Folha de S. Paulo


Análise

Dilma virou a página e não voltará à ira

Se alguém espera uma reação do governo brasileiro às novas informações sobre grampos americanos idêntica à de 2013, quando surgiram as primeiras revelações de espionagem, vai esperar o resto da vida.

Primeiro porque a espionagem revelada há dois anos atingia o mais alto nível da República, a própria presidente.

Era um insulto que precisava ser respondido à altura, sob pena de desmoralizar Dilma Rousseff e o seu governo.

Roberto Stuckert Filho-29.jun.15/Presidência da República
Dilma Rousseff passeia com Barack Obama pelo memorial a Martin Luther King em Washington
Dilma Rousseff passeia com Barack Obama pelo memorial a Martin Luther King em Washington

Se os Estados Unidos se dispunham ao máximo (vigiar a presidente), é evidente que também se disporiam a olhar para o andar abaixo dela (seus embaixadores, altos funcionários etc).

A reação agora terá, logicamente, que ser mais branda, à altura do menor nível dos espionados.

Mas, acima de tudo, à altura também ou principalmente de uma inflexão, embora sutil, na política externa, que passa a privilegiar os aliados mais tradicionais (caso específico dos Estados Unidos), sem desprezar os novos amigos, para usar a linguagem cautelosa do Itamaraty.

Depois de que os dois governos declararam, há pouquíssimos dias, que o episódio da espionagem de 2013 é "página virada", que sentido teria retornar a ela agora?

Se a única "agenda positiva" para Dilma, nos últimos muitos meses, foi exatamente o bom resultado de sua viagem aos Estados Unidos, que sentido teria deletá-la com uma reação irada?

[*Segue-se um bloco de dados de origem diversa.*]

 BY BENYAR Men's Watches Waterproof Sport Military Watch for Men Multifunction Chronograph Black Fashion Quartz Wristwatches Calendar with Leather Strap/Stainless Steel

Complicar o relacionamento com Washington contrariaria, além disso, dois dos ministros que mais estão trabalhando em agendas positivas, o do Desenvolvimento, Indústria e Comércio, Armando Monteiro, e a da Agricultura, Kátia Abreu.

São eles que mais empurram o governo para acariciar Washington. E podem, melhor ainda, exibir resultados positivos (a liberação da importação de carne e um acordo de facilitação do comércio).

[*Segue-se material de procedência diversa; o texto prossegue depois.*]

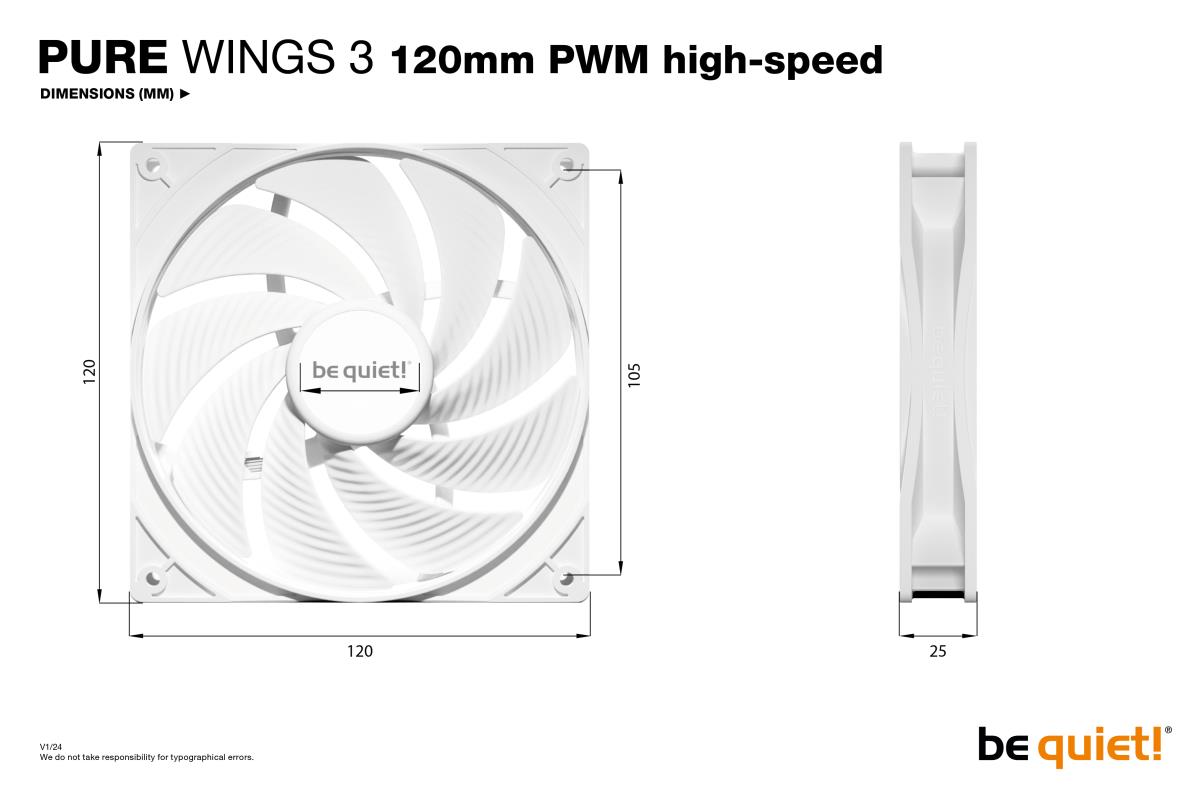 EU Product - L�fter 120*120*25 Pure Wings 3 White PWM highspeed thumbnail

Quem, internamente, aplaudiria Dilma se resolvesse engrossar de novo a voz com os Estados Unidos? Só os setores de esquerda, inclusive os do PT, que, de todo modo, não aceitam a política econômica, o que os impede de reaproximar-se da presidente.

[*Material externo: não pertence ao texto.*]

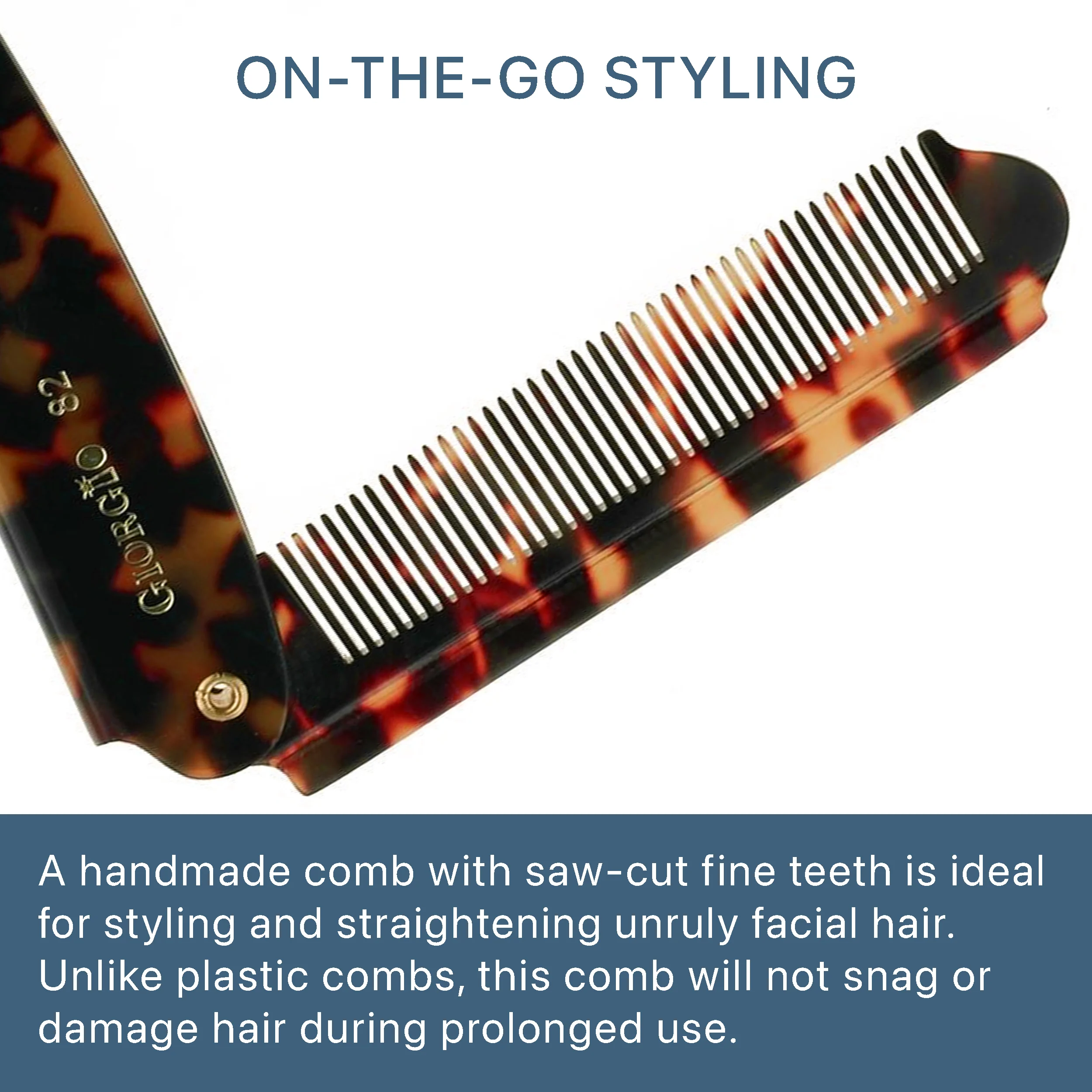 7.85" Handmade Fine Tooth Folding Pocket Comb - Image 3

Não custa lembrar por fim que quase dois terços dos brasileiros (63% exatamente) confiam nas posições que o presidente Barack Obama adota em política internacional, conforme recente pesquisa do Pew Research Center.

É óbvio que espionagem faz parte dessa política.

Encrencar com ela, portanto, não faria bem para a popularidade da presidente, tão baixa no momento que tudo que ela dispensa é atrito com quem quer que seja.